Sol: The model is well in accordance with the way data is generated, First of all, the columns that are not used for model generation are: 5, 9. While generating data, we set the coefficients 3,5, and 9 to 0 and hence the model captures this well. Apart from this, the coefficient of feature 3 is -0.07353929, which is quite low as well.

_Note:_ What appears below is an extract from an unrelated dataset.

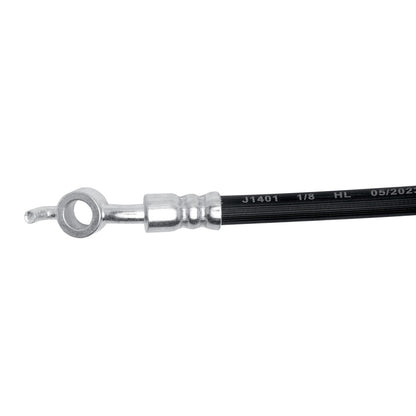 Dynamic Friction Company Brake Hydraulic Hose 350-03055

cols = models.get(min(test_MSE, key=test_MSE.get))
print("Columns used in the model: " +str(cols))
model = LinearRegression()
model.fit(X_train[:, cols], y_train)
print("Model Coefficients: " +str(model.coef_))
Columns used in the model: [0, 1, 2, 3, 4, 6, 7, 8, 10, 11, 12, 13, 14]
Model Coefficients: [-2.50852562 -0.43695144  1.40013156 -0.07353929 -0.85895357 -1.89061122
 -0.30136561  1.12543061  0.09474982 -0.70489182 -0.6278358  -1.40983561
  0.17529716]

Q11. We will now try to predict per capita crime rate in the Boston data set.

(a) Try out some of the regression methods explored in this chapter, such as best subset selection, the lasso, ridge regression, and PCR. Present and discuss results for the approaches that you consider.

boston = pd.read_csv("data/Boston.csv")
boston.dropna(inplace=True)
np.random.seed(5)
X_train, X_test, y_train, y_test = train_test_split(boston.iloc[:,1:], boston['crim'], test_size=0.1)

# The lasso
n_alphas = 200
alphas = np.logspace(-10, 2, n_alphas)
# Leave one out cross-validation
model = LassoCV(alphas=alphas, fit_intercept=True, cv=None)
model.fit(X_train, y_train)

predictions = model.predict(X_test)
print("Test Error: " +str(mean_squared_error(y_test, predictions)))
print("Model coefficients: " + str(model.coef_))
Test Error: 54.95744135110768
Model coefficients: [ 0.04198738 -0.07640927 -0.         -0.          0.32159534 -0.00722933
 -0.67844741  0.5220804  -0.0022908  -0.09016879 -0.00174827  0.13527718
 -0.15964042]
# Ridge Regression
model = RidgeCV(alphas=alphas, fit_intercept=True, cv=None)
model.fit(X_train, y_train)

predictions = model.predict(X_test)
print("Test Error: " +str(mean_squared_error(y_test, predictions)))
print("Model coefficients: " + str(model.coef_))
Test Error: 55.55453079915659
Model coefficients: [ 0.0406467  -0.08234663 -0.20301002 -0.09532246  0.55364958 -0.00933135
 -0.70209263  0.52848777 -0.00235438 -0.14191045 -0.00127377  0.14595535
 -0.17415457]
# PCR
M = np.arange(1, 14, 1) # Principal components
PCR_CV(X_train, y_train.values, X_test, y_test.values, M)
# PLS
M = np.arange(1, 14, 1) # Principal components
PLS_CV(X_train, y_train.values, X_test, y_test.values, M)

(b) Propose a model (or set of models) that seem to perform well on this data set, and justify your answer. Make sure that you are evaluating model performance using validation set error, crossvalidation, or some other reasonable alternative, as opposed to using training error.

Sol: Except PCR, the lasso, PLS and ridge regression performs decently well.

(c) Does your chosen model involve all of the features in the data set? Why or why not?

Sol: If we look at the lasso model with test MSE of 54.95744, the coefficients of chas, nox are 0 and those of age, tax and black are pretty low.